Abstract
In response to Pearl, Aronow et al. (2025) argue that randomized experiments are special among causal inference methods due to their statistical properties. I believe that the key distinction between randomized experiments and observational studies is not statistical, but rather epistemological in nature. In this comment, I aim to articulate this epistemological distinction and argue that it ought to take a more central role in these discussions.
Keywords: Causal inference, Randomized experiments, Epistemology
1. Introduction
I thank the editors for the invitation to comment on the paper by Aronow et al. (2025). The authors should be congratulated for their clear contribution to the ongoing discussion regarding the distinction between causal inference methods. These discussions are especially important as causal inference methods are becoming more widely adopted in a variety of disciplines. As such, I am honored to be able to contribute to this vibrant and timely dialogue.

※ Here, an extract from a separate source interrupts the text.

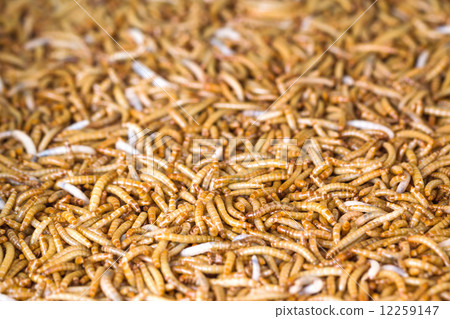 Meal worms 12259147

The authors are reacting to Judea Pearl, who asserts that statistical identification is what makes a causal inference method “work” and that from this perspective, “there is no need to put [randomized experiments] on a pedestal”. Aronow et al. argue that randomized experiments ought to be considered special among causal inference methods because they guarantee precise statistical estimation under weaker conditions than what is required in an observational study. At the core of their argument is the assertion that precise statistical estimation—not merely statistical identification—should be a determining factor for whether a causal inference method “works”. The reasoning goes that the analyst will, after all, face the task of analyzing actual data and not the inaccessible observational distribution.
I wholeheartedly agree with the conclusion of Aronow et al. (2025) that randomized experiments ought to be considered special among causal inference methods. However, it is my opinion that these statistical distinctions are of secondary concern. Instead, I believe that the most meaningful distinction between randomized experiments and observational studies is an epistemological one. In the remainder of my comment, I hope to clarify this epistemological distinction and argue that it ought to take a more central role in deciding whether a causal inference method “works”.
That randomized experiments offer superior types of empirical evidence compared to observational studies seems to be a widely held belief among methodologists and applied researchers alike.1 Randomized experiments are almost ubiquitously referred to as the “gold standard” among causal inference methods, to such an extent that this phrase has effectively become cliché. In response to critiques of causal inference methods in economics (Deaton 2009; Heckman and Urzúa 2010), Imbens (2010) writes that “randomized experiments do occupy a special place in the hierarchy of evidence, namely at the very top” due to their high degree of “internal validity”. Freedman (2006) asserts that “experiments offer more reliable evidence than observational studies”.
While I agree with the general conclusion, what I find to be missing from this general sort of argument is a clear articulation of why randomized experiments have this particular distinction. What exactly gives randomized experiments such high credibility and why do observational studies not have it? I claim that the answer lies in how we argue for the validity of the resulting conclusions.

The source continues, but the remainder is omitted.